MODULATED EXPLORATORY DYNAMICS CAN SHAPE SELF-ORGANIZED BEHAVIOR
Frank Hesse (),
Ralf der () and
J. Michael Herrmann ()
Additional contact information Frank Hesse: Max-Planck-Institute for Dynamics and Self-Organization, Bernstein Center for Computational Neuroscience Göttingen, Bunsenstrasse 10, 37073 Göttingen, Germany; Department for Nonlinear Dynamics, Georg-August-University Göttingen, Bunsenstrasse 10, 37073 Göttingen, Germany
Ralf der: Max-Planck-Institute for Mathematics in the Sciences, Inselstrasse 22, 04103 Leipzig, Germany
J. Michael Herrmann: University of Edinburgh, School of Informatics, 10 Crichton Street, Edinburgh, EH8 9AB, Scotland, UK
Abstract:
We study an adaptive controller that adjusts its internal parameters by self-organization of its interaction with the environment. We show that the parameter changes that occur in this low-level learning process can themselves provide a source of information to a higher-level context-sensitive learning mechanism. In this way, the context is interpreted in terms of the concurrent low-level learning mechanism.

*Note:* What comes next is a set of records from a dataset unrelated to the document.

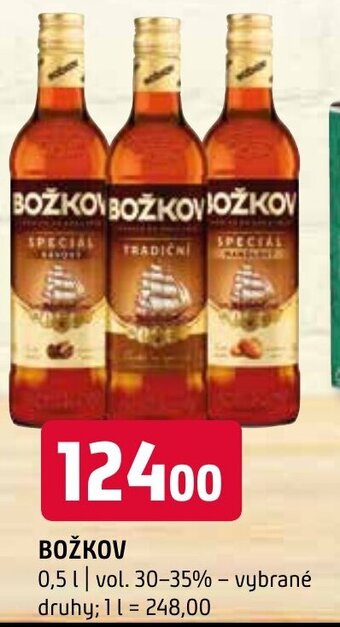 Terno BOŽKOV nabídka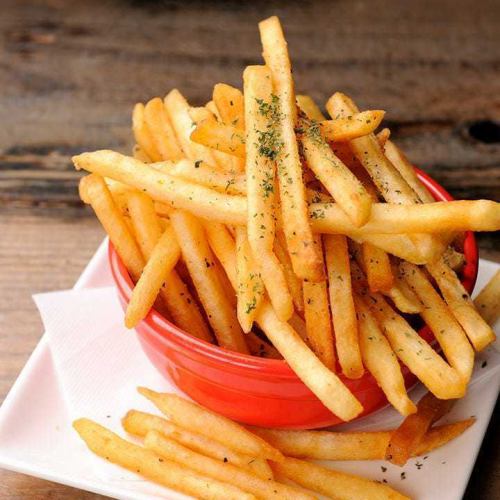 Various fries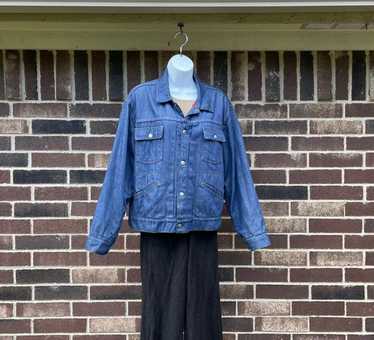 Vintage denim jacket penneys - Gem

The dual learning architecture is studied in realistic simulations of a foraging robot and of a humanoid hand that manipulated an object. Both systems are driven by the same low-level scheme, but use the second-order information in different ways. While the low-level adaptation continues to follow a set of rigid learning rules, the second-order learning modulates the elementary behaviors and affects the distribution of the sensory inputs via the environment.